This month, we’ll kick off a series of essays in The UnPopulist, sponsored by Protect Democracy, that over the course of this year will feature legal scholars from across the ideological spectrum who will examine what could reasonably be done to check Trump’s nefarious plans. In the process, we hope to erect permanent guardrails to rein in future presidents tempted to go down the Trumpian path and make presidential powers less extensive and less susceptible to abuse.
Given a polarized country, a divided Congress, and the uncertainty of what will happen to the House and Senate in the forthcoming election, it won’t be easy to enact meaningful reforms. Still, it is vital that we start exploring reasonable options that aren’t political non-starters to prevent Trump from enacting his draconian plans should he once again find himself in the White House. Some of those proposals might merely involve raising awareness through journalism and public advocacy. Others might be to reform existing laws to make them less amenable to abuse or pass new ones. In addition, we could hold congressional hearings, consider strategic litigation and explore constitutional and legal remedies available to states to resist executive arm-twisting.
In this introductory essay, I will give a general overview of the immense scope of the powers that have been placed in the hands of a president and the specific dangers of having Trump wield them for a second time.
Framers’ Fateful Choice
During the 1787 Constitutional Convention, the Framers spent relatively little time on the presidency. Their main focus was on creating the legislative branch and delineating and controlling its powers. The executive branch was discussed as early as June 1st—five days after the Convention’s opening—but not in any great detail. The primary concern was elsewhere. Late into the Convention, they were still debating whether the executive branch should be one person or a committee of people.

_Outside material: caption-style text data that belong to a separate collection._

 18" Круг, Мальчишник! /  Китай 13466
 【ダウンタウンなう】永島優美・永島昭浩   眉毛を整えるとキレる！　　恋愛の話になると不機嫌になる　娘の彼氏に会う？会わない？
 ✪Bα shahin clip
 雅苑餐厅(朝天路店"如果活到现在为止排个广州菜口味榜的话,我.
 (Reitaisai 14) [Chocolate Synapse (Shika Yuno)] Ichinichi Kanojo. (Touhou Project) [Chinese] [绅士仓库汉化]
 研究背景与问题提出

There were a few reasons for this. After declaring independence, many states wrote constitutions that had weak executive branches. Pennsylvania’s constitution of 1776, for example, created a “Supreme Executive Council” with 12 members. The Articles of Confederation did not have a separate executive branch at all.

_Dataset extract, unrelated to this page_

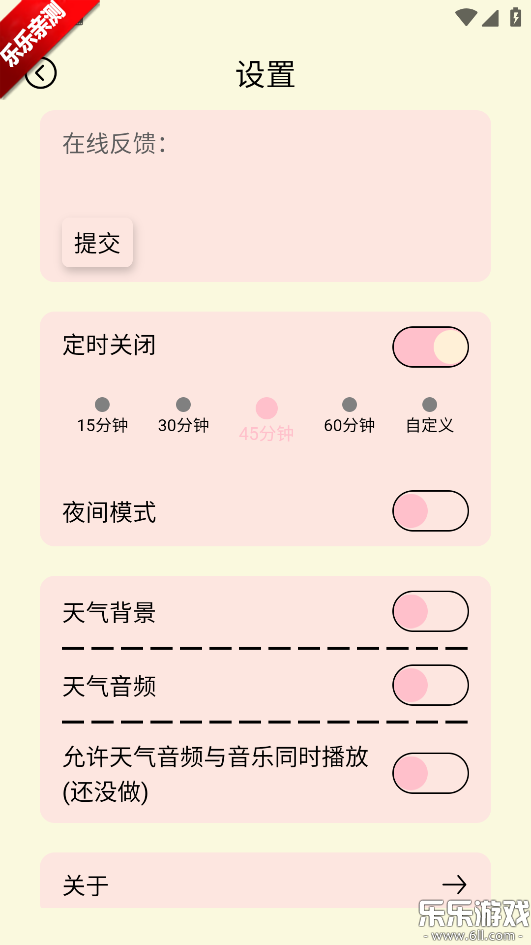 yulinlinֻv1.7 ׿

Two main things were influencing the debate over the executive branch: one was the tyranny of King George III, which was extensively discussed in the Declaration of Independence. The other was George Washington, who presided over the Convention but would also occasionally leave his chair on the dais to join the Virginia delegation. As the delegates debated the nature of the executive branch, the presence of Washington in the room greatly influenced the discussion. It was almost assumed that Washington would be the first executive. As historian Richard Beeman has written:
[I]t is likely that the debates over the character of the American presidency that whole summer were influenced by the presence of America’s first citizen. Washington’s very reluctance to assume power combined with his unique qualifications as the only man in America who could shape the office of the presidency such that it would prevent others from using it to subvert liberty were crucial factors in guiding the thinking of virtually everyone in the Convention. Had Washington been absent, it is entirely possible that the Framers of the Constitution would have created a multiple executive.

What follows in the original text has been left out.